3-5. The sum of an infinite set of numbers is only well defined when the sum eventually approaches a finite number. For example, $1 + \frac{1}2 + \frac{1}4 + \frac{1}8 + ...$ gets arbitrarily close to 2, so the sum may be defined rigorously to be exactly 2. Such a series is called "convergent." The sum you want to evaluate, $$1 -1 + 2 - 2 + 3 - 3 + ...$$ does not approach a value, so it is not a well-defined sum in the usual sense (this type of series is called "divergent"). However, there are ways to define such a sum. For example, if $s_n$ is the sum of the first $n$ terms of the series, the limit

$$\lim_{n\rightarrow\infty} \frac{s_0 + s_1 + s_2 + ... + s_n}{n + 1}$$ is known as the Cesáro sum of the series when the limit exists. For your series, this limit still does not exist, so in the Cesáro sense your sum is also divergent.
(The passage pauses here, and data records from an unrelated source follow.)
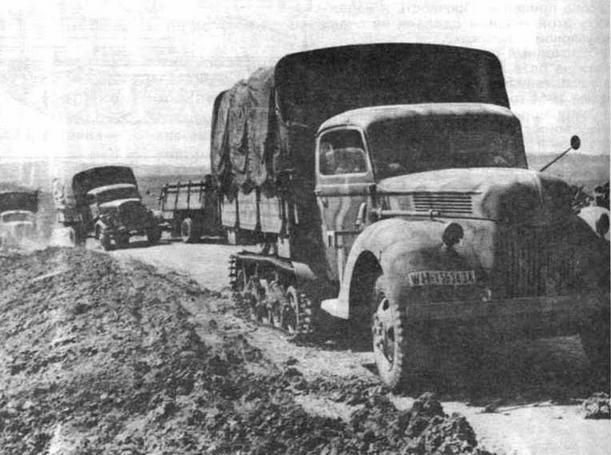 Иллюстрация к книге — Бронетанковая техника третьего рейха [img_211.jpg]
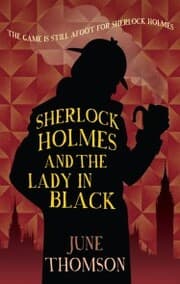 Cover von Sherlock Holmes and the Lady in Black
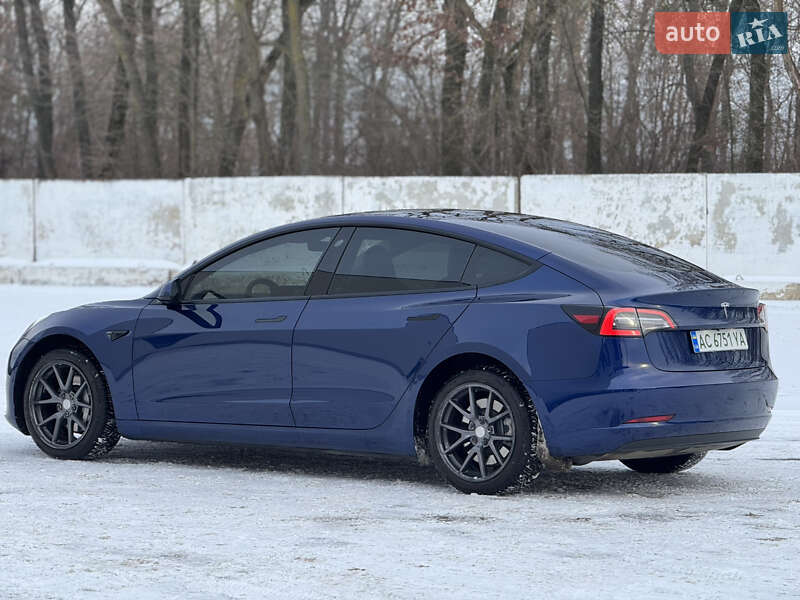 Седан Tesla Model 3 2022 в Луцьку фото 9 Седан Tesla Model 3 2022 в Луцьку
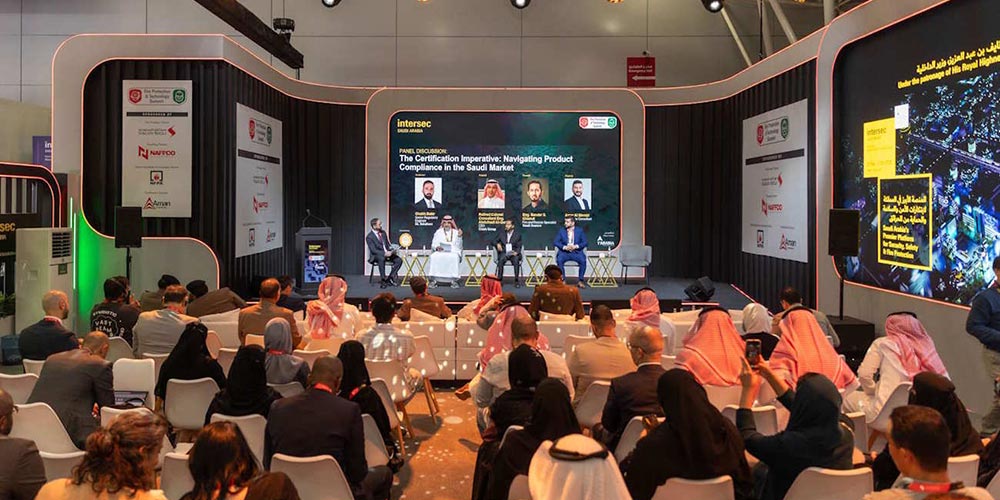 Intersec Saudi Arabia brings together experts to shape the security and fire safety agenda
Another method of calculating a divergent sum is to define a function $$ f(s) = \frac{1}{{a_0}^s} + \frac{1}{{a_1}^s} + \frac{1}{{a_2}^s} + ... $$

where the $a_i$ are the $i$th terms of the series one wishes to sum. Complex valued functions such as $f(s)$ may be unambiguously continued to numbers even where a defining sum such as the one for $f(s)$ above does not converge (this is known as the "analytic continuation" of a function). The zeta regularization of a sum is the value of the analytic continuation at $-1$. For your series, the sum $$ 1 - 1 + \frac{1}{2^s} - \frac{1}{2^s} + ... $$ is $0$ whenever it converges and thus the analytic continuation evaluated at $-1$ is $0$, so in the sense of zeta regularization your sum is indeed zero. While for this series, the sum is what is "should" be intuitively, this is not always the case. For example, $1 - 1 + 1 - 1 + ...$ is $\frac{1}2$ in Césaro summation and does not exist in zeta regularization. If you are interested in reading more about summing divergent series, this is a good book.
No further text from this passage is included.